Secara obyektif, situasinya sangat identik. Perbedaannya terletak pada bagaimana persepsi kita. Semakin jauh jarak kita dari masalah, semakin mudah bagi kita untuk menemukan pola dari masalah serta, melihat keterkaitan antar aspek-aspek yang terlibat, serta untuk menyusun berbagai kombinasi solusi yang dimungkinkan. Namun kedekatan jarak psikologis membuat kita merasakan berkeranjang keranjang emosi yang jadi beban di pikiran kita dan membuat kita lebih susah lakukan beragam pemikiran kritis dan obyektif. Sementara untuk masalah yang jauh secara psikologis, keranjang emosi itu jadi milik orang lain, kita tidak kebagian andil untuk turut memikulnya.
Tapi tidak hanya itu, begitu jawabannya sudah Anda lihat, Anda juga harus menindakinya. Ketika masalahnya bukan milik Anda, Anda tidak merasakan konsekuensi dari segala keputusan yang diambil.

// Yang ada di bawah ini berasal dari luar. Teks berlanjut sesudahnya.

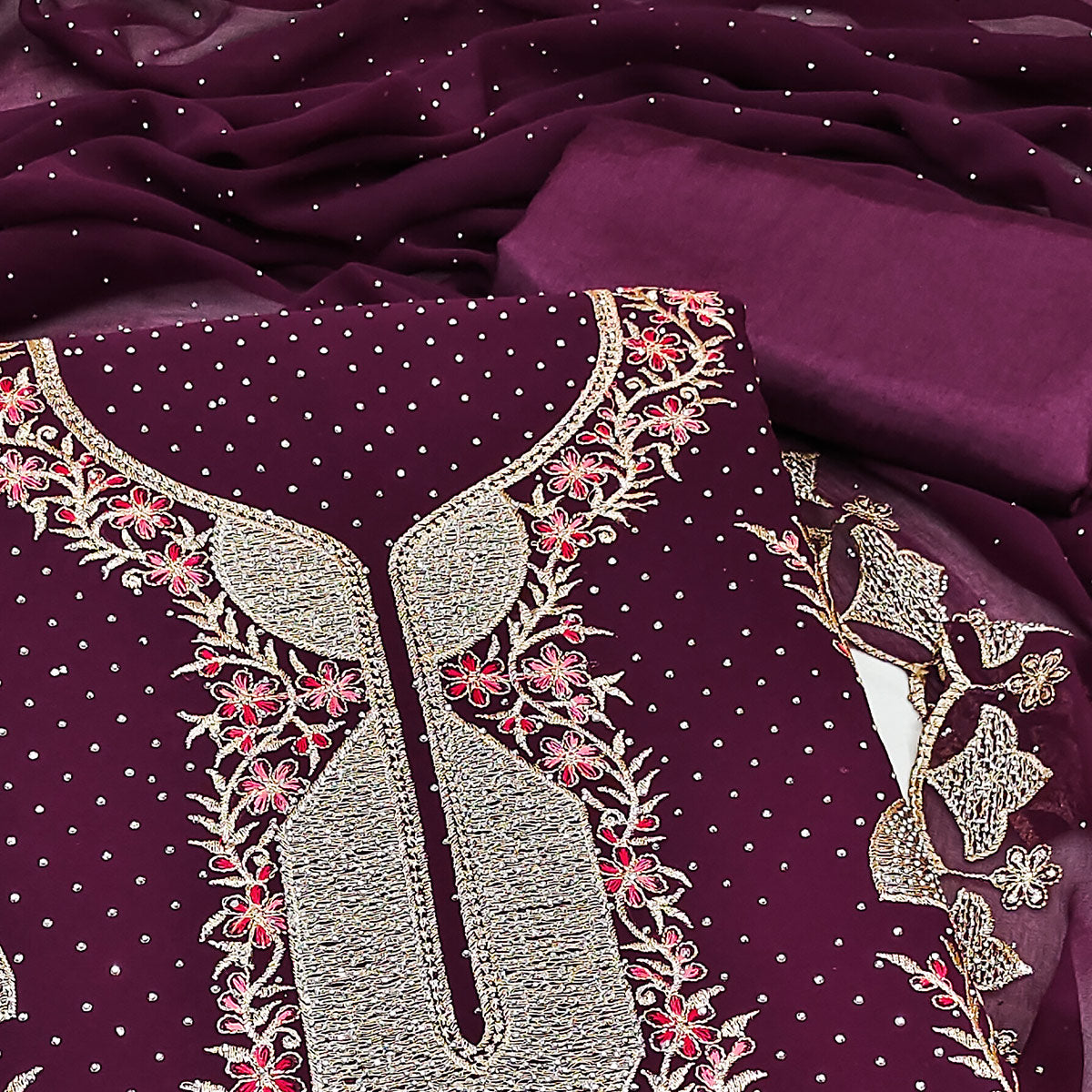 Wine Georgette Dress Material With Exquisite Floral Embroidery And Stonework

Anda bahkan tidak berada di ruangan yang sama sehingga tidak bisa merasakan seramnya mengatakan “Aku ingin kita bercerai saja.” Bukan Anda juga yang harus merasakan beratnya hidup sendiri tanpa dukungan orang yang terkasih. Bukan Anda juga yang harus menanggung manakala ada apa-apa yang salah.

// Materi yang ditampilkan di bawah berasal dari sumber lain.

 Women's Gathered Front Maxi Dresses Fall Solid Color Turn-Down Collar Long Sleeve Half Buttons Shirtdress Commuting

Ketakutan akan konsekuensi yang potensial dialami membuat kita jadi lebih susah berpikir kreatif.
Nah, sekarang yang penting adalah: Lantas gimana, dong?
Untuk masalah yang milik Anda sendiri atau orang-orang yang terdekat dari diri Anda, gunakan jarak psikologis untuk keuntungan kita.

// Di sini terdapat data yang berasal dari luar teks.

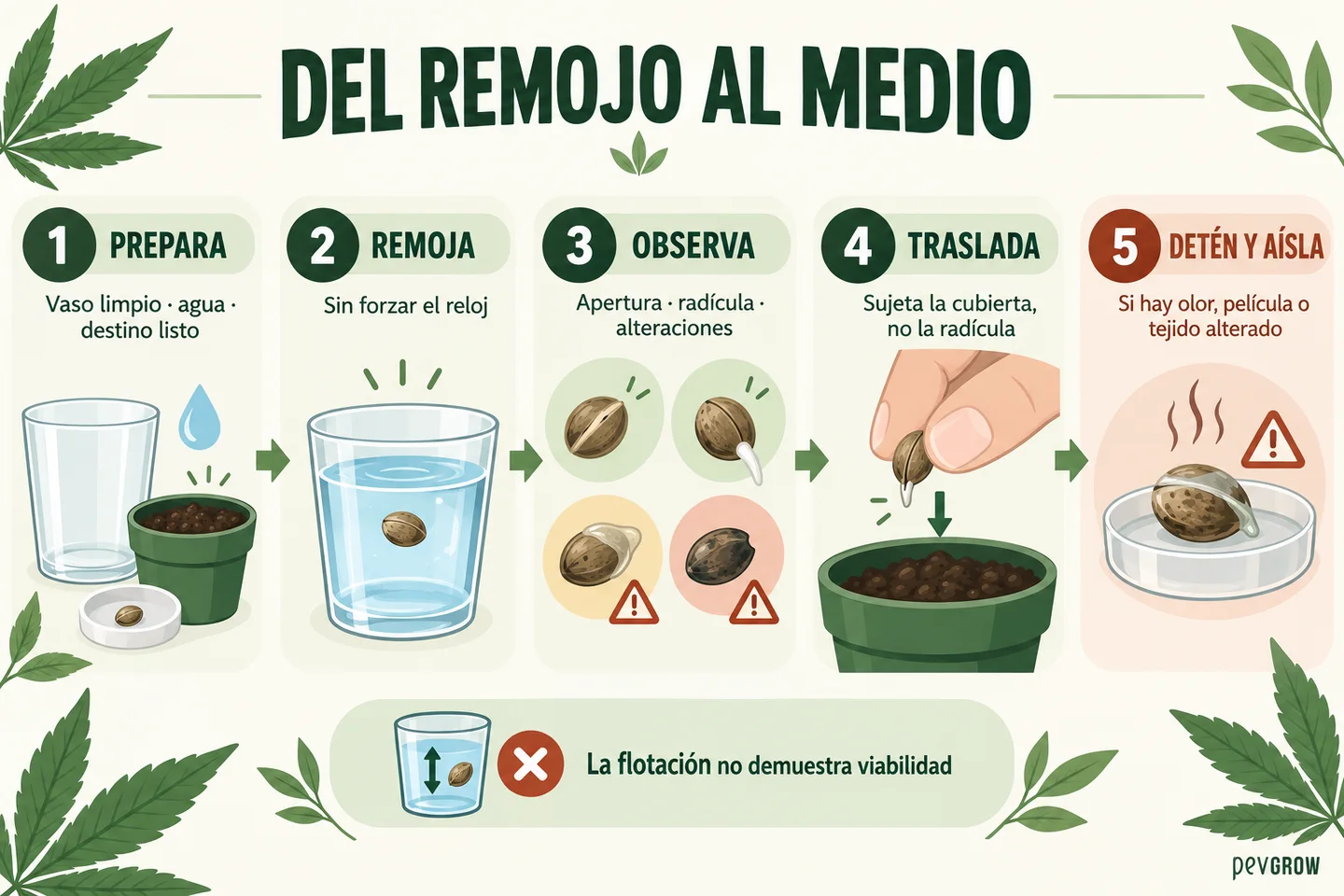 Infografía «Del remojo al medio» con cinco pasos ilustrados para observar semillas en agua y trasladarlas al sustrato.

Bayangkan masalah itu terjadi pada Anda di masa lalu atau di suatu saat nanti di masa depan. Langsung pandang lagi masalahnya dan coba cari solusinya dengan melakukan kombinasi dengan:
Meminta nasehat dari orang lain, siapapun itu di masa lalu atau masa depan Anda. Orang lain di sini bisa jadi orang yang Anda betul-betul kenal secara langsung ataupun tidak. Misal saja, bayangkan Anda meminta nasehat dari Pak Mario Teguh, dari Pak SBY, dari Oprah, atau dari siapapun yang Anda mau. Kalau Anda suka, Anda bisa saja meminta nasehat dari tokoh semacam Upin, Ipin, atau Kak Ross . Apapun, yang penting Anda dapet nasehatnya dalam perspektif yang berbeda dengan milik Anda.
Jika perlu, manakala Anda takut-takut dalam mengembangkan solusi kreatif, katakan ke diri sendiri, “Ini coba mengeksplorasi alternatif solusi aja kok, ndak bener2 bermaksud untuk menjalani.” atau
Bayangkan masalah itu adalah masalah orang lain. Atau bayangkan masalah itu tetap sebagai masalah Anda, sekarang tinggal Anda memposisikan diri sebagai layaknya orang lain. Dan kalau saya, inilah yang biasanya saya lakukan. Frame waktunya tidak berubah, karena bagi saya, ketersediaan resource masa depan atau masa lalu tidaklah sama dengan masa sekarang (kecuali kalau Anda bisa membayangkannya sebagai sama). Untuk masalah tertentu, saya bahkan mengundang diri saya di masa depan untuk hadir di masa depan dan turut memberi nasehat. Ini dengan anggapan bahwa saya di masa depan adalah orang yang lebih bijak dan matang serta —tak kalah pentingnya– juga bisa mengatakan dan meyakinkan betapa pilihan tak enak yang sulit untuk diambil di saat ini akan memberikan kebaikan yang amat besar dan menggiurkan di masa depan. Bagaimanapun, kita yang di saat ini perlu dioptimiskan dan diyakinkan tentang kebaikan yang bisa didapat dari keputusan sulit kita di masa sekarang, untuk kemudian dibuat lebih condong pada menjalani pilihan sulit itu.
Jika cara ini terkesan aneh, well, ini efektif kok Silahkan deh coba. PS: dan sadarkah Anda, jarak psikologis ini juga berlaku untuk keyakinan orang tentang sembuh. Pernah dengar istilah “Dukun yang manjur itu adalah dukun yang letakknya jauh”? Semakin orang berobat (atau minta nasehat) ke tempat yang jauh, atau apapun yang butuh pengorbanan besar, biasanya semakin besar anggapan dia terhadap kemanjurannya. Tapi ini sudah cerita yang berbeda (1) Lile Jia, Edward R. Hirta dan Samuel C. Karpena (2009), Lessons from a Faraway land: The effect of spatial distance on creative cognition, Department of Psychological and Brain Sciences, Indiana University, Bloomington.